Source material Start Marker

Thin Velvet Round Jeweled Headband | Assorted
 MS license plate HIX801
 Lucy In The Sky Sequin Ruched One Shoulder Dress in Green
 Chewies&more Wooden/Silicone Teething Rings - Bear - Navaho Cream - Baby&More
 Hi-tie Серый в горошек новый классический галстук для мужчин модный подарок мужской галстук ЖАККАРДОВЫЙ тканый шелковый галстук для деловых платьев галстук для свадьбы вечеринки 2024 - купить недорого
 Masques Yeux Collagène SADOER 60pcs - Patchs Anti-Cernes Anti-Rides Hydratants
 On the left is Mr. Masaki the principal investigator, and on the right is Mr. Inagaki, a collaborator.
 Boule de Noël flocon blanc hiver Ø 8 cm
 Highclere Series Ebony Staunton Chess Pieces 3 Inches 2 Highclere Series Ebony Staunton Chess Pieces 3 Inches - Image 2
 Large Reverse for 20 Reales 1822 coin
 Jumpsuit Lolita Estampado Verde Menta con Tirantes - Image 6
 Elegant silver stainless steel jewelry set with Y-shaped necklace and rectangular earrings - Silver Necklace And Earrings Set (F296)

Source material End Marker

Print the listing above in its entirety, with every line exact.

Thin Velvet Round Jeweled Headband | Assorted
 MS license plate HIX801
 Lucy In The Sky Sequin Ruched One Shoulder Dress in Green
 Chewies&more Wooden/Silicone Teething Rings - Bear - Navaho Cream - Baby&More
 Hi-tie Серый в горошек новый классический галстук для мужчин модный подарок мужской галстук ЖАККАРДОВЫЙ тканый шелковый галстук для деловых платьев галстук для свадьбы вечеринки 2024 - купить недорого
 Masques Yeux Collagène SADOER 60pcs - Patchs Anti-Cernes Anti-Rides Hydratants
 On the left is Mr. Masaki the principal investigator, and on the right is Mr. Inagaki, a collaborator.
 Boule de Noël flocon blanc hiver Ø 8 cm
 Highclere Series Ebony Staunton Chess Pieces 3 Inches 2 Highclere Series Ebony Staunton Chess Pieces 3 Inches - Image 2
 Large Reverse for 20 Reales 1822 coin
 Jumpsuit Lolita Estampado Verde Menta con Tirantes - Image 6
 Elegant silver stainless steel jewelry set with Y-shaped necklace and rectangular earrings - Silver Necklace And Earrings Set (F296)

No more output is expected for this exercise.